Старик сидел неподвижно. Внук долго смотрел на него во все глаза и наконец сказал, будто прочитал его мысли:

– Я счастлив, дедушка.

Старик наклонился к нему.

– Правда счастлив, малыш?

– Как никогда в жизни.

– Вон что? – в полутьме старик вгляделся в лицо юноши. – Да, вижу. Но надолго ли твое счастье, Том?

– А разве бывает счастье надолго, дедушка? Ведь все на свете проходит, правда?

– Молчи ты! У нас с твоей бабушкой ничего не прошло!

– Нет, не так. Ведь не все время было одинаково. Первые годы – одно, а потом уже другое.

– Старик закрыл глаза, потом крепко потер лицо.

– Да, твоя правда. У каждого из нас две, нет, три, нет, четыре жизни. И все они проходят, что верно, то верно. А вот память о них не проходит. Проживешь четыре, пять, дюжину жизней, а из них одна совсем особенная. Помню, один раз…

Старик запнулся и умолк.

– Что один раз, дед?

Взгляд старика устремился в дальнюю даль минувшего. Теперь он обращался не к этой комнате, не к Тому, ни с кем он не говорил. Кажется, даже не с самим собой.

– О, это было давным-давно. А нынче вечером, когда я только вошел в эту комнату, вот чудно, почему-то сразу вспомнилось. И я побежал по берегу Голуэя обратно к той неделе…

На нее пришелся мой день рождения, подумать только, двенадцать мне сравнялось! Еще при королеве Виктории, жили мы в сложенной из торфа халупе у самого Голуэя, и я бродил по берегу, а денек летний был такой ясный, погожий, даже грустно, ведь знаешь – это ненадолго.

И в такую вот солнечную теплынь раз по прибрежной дороге прикатил цыганский фургон, и стали эти черные-пречерные цыгане табором на берегу залива.

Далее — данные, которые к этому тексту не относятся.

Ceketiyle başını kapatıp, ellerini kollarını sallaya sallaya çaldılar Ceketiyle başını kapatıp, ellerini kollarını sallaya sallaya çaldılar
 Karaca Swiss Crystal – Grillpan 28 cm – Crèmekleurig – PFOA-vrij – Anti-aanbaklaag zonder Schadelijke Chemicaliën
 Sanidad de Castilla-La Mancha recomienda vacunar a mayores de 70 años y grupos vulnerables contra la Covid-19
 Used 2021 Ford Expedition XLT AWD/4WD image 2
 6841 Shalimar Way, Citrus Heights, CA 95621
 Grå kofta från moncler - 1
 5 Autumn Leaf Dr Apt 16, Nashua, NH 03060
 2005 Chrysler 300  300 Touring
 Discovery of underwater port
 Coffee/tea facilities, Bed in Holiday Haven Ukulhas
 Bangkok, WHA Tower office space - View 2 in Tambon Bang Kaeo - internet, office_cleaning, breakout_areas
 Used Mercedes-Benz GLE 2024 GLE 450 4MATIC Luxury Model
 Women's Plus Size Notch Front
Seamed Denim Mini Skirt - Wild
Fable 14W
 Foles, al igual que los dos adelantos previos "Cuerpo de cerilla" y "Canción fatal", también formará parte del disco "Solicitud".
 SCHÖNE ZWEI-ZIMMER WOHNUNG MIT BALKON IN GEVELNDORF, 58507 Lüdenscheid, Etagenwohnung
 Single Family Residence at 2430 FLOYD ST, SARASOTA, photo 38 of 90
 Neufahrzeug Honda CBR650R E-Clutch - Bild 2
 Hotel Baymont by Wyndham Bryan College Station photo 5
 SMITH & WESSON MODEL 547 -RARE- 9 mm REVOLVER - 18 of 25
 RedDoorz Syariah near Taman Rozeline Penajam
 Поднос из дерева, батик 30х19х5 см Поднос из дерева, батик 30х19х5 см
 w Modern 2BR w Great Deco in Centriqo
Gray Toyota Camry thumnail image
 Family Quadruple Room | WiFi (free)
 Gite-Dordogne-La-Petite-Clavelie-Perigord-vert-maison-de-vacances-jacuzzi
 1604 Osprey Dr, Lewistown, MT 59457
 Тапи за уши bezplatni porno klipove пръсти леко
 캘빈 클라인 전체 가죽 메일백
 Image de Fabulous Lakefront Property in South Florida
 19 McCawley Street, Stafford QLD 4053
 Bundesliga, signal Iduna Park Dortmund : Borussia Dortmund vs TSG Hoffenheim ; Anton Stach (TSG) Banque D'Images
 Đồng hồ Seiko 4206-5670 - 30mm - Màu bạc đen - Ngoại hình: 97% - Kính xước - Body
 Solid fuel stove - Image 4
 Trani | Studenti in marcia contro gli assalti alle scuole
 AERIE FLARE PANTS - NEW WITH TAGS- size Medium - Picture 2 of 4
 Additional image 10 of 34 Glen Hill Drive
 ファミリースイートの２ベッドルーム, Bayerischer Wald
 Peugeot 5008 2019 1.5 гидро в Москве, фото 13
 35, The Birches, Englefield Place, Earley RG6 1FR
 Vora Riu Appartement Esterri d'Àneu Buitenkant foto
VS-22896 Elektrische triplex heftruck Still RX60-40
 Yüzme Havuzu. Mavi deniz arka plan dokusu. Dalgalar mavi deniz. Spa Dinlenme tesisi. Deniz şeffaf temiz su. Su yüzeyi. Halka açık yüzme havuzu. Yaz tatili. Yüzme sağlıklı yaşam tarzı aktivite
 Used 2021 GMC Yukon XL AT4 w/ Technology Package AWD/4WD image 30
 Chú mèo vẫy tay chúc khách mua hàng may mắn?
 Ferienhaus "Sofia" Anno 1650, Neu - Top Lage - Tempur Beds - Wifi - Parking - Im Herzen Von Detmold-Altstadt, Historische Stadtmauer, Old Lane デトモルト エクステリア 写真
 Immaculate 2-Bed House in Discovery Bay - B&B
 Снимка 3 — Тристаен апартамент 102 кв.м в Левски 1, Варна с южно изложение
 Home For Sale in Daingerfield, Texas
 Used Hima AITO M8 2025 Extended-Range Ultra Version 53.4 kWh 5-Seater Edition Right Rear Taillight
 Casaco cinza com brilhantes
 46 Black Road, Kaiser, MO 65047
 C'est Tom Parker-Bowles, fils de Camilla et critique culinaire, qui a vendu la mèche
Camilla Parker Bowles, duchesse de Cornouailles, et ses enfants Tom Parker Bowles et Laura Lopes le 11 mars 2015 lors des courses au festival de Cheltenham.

Там были отец, мать и девушка, и еще этот парнишка, и вот он бегом бежит ко мне по берегу, оттого наверно, что ему скучно одному, а я тут тоже один, делать мне нечего, я и рад бы новому человеку.

Подбежал он. Век не забуду, как я увидал его тогда, в первый раз, не забыть мне этого, покуда в землю не закопают. Он…

Ах ты, господи, нет у меня таких слов! Стой, погоди. Надо сперва рассказать, что было еще того прежде.

Приехал в Дублин цирк. Пошел я глядеть, там показывали уродцев и карликов, и страхолюдных лилипутиков, и жирных-прежирных женщин, и тощих мужчин, что твои скелеты. А перед последним чудом и вовсе толчея, ну, думаю, наверно тут всем уродам урод. Протиснулся – какое пугало напоследок покажут? И вижу… Сидит девочка, малышка, годиков шесть, уж такая беленькая, такая хорошенькая, щечки нежные, глаза голубые, кудряшки золотые, и такая тихая, спокойная, что после всех тех калек глядишь – не оторвешься. Весь народ хлынул к ней, чтоб исцелиться. Потому как там был больной зверинец, и только эта малютка – милый, славный доктор – возвращала жизнь.